= Jerry Damon =

American staff announcer and actor (1927–1979)

Horace Jerome D'Amato (August 24, 1927 – January 24, 1979), known professionally as Jerry Damon, was an American radio and television announcer and actor.

==Biography==

Damon was a staff announcer for NBC in New York from 1954 until his death. He was part of a core group that, during his years with the network, also included voice-over artists Bill Wendell, Don Pardo, Mel Brandt, Wayne Howell, Vic Roby and Howard Reig. He handled network program introductions and closes, bumpers, promos, and teasers. He also handled occasional sign-offs and live tags, for the network's New York flagship station WNBC-TV and its radio sister stations (WNBC (AM), which became WFAN and WNBC-FM/WNWS/WYNY, later WQHT).

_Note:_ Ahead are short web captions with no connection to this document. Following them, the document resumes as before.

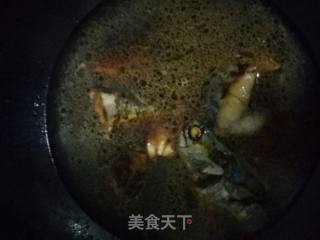 酱烧鲅鱼段的做法步骤：4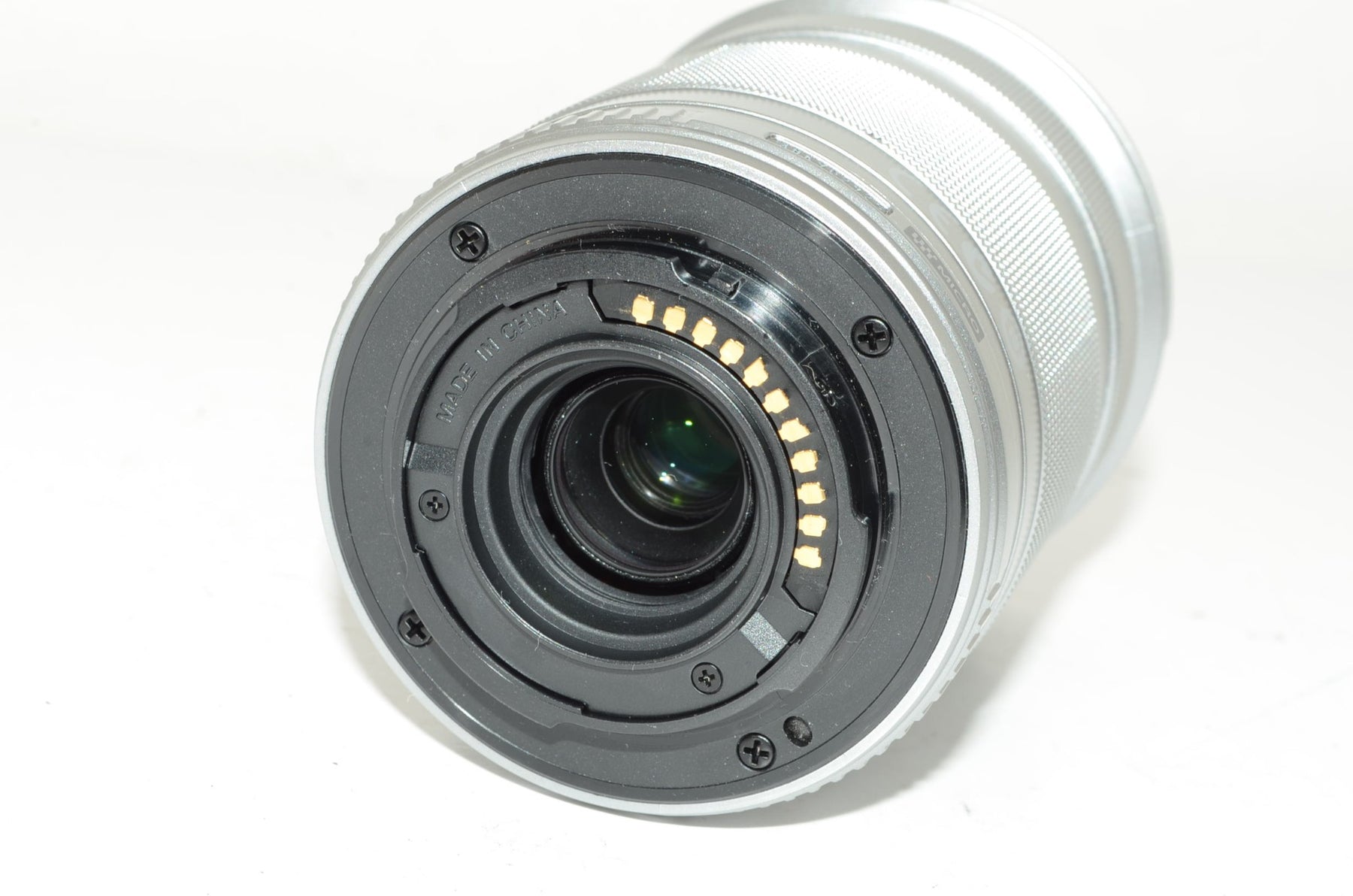 【外観特上級】OLYMPUS M.ZUIKO DIGITAL ED 40-150mm F4.0-5.6 R シルバー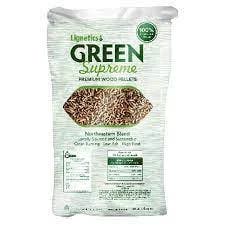 Green Supreme Wood Pellets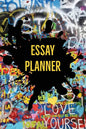Essay Planner: Plan And Write Essays, College, High School, Middle School, Writing Skills, Book, Journal - Paperback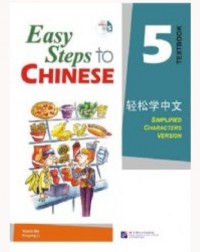 EASY STEPS TO CHINESE VOL.5 TEXTBOOK WITH QR CODE (ISBN: 9787561921036) EASY STEPS TO CHINESE VOL.5 TEXTBOOK WITH QR CODE (ISBN: 9787561921036)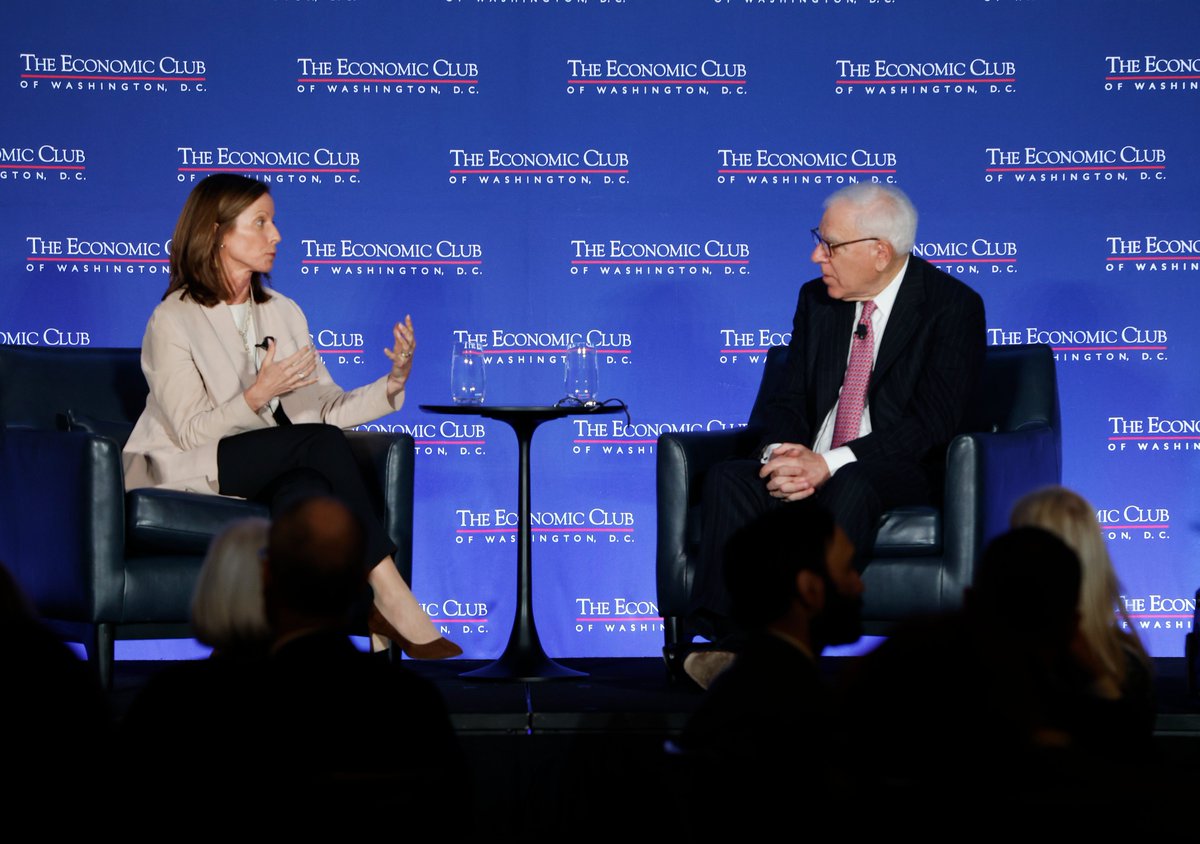 The Economic Club tweet media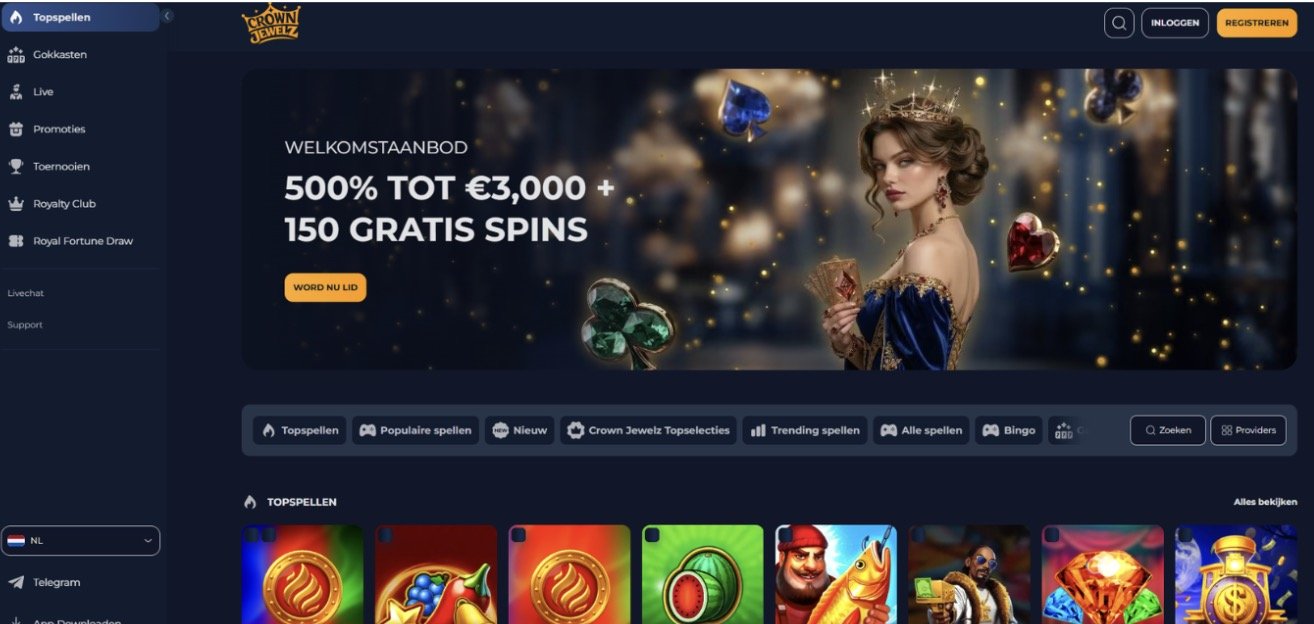 CrownJewelz Casino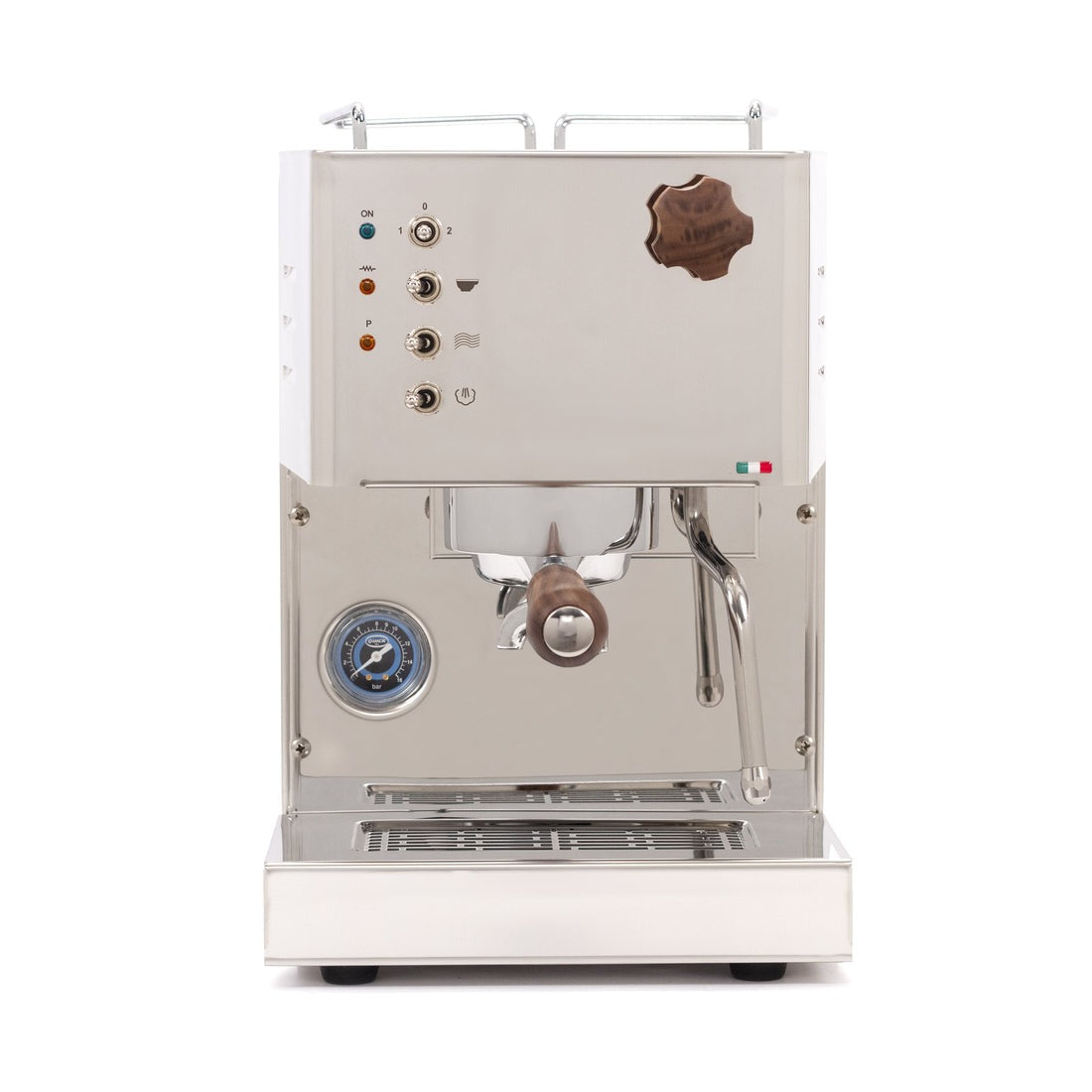 Quick Mill White Pippa Coffee Machine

Damon's radio announcing credits include Monitor, the original version of X Minus One, and The Eternal Light. His main television credits were the 1964-65 American version of That Was the Week That Was, plus other shows for which he announced, G.E. College Bowl, Haggis Baggis and The Jan Murray Show. He also was a spokesman for coverage of political conventions, and from 1975 to 1977, he was food editor for NBC's ill-fated News and Information Service radio network.

Outside of the announcing booth, Damon owned a dairy farm in Milford, New York. In addition, in the early 1960s, he was part of a group that made a bid to purchase Ellis Island.

Damon died of cancer at Beth Israel Medical Center in Newark, New Jersey at age 51.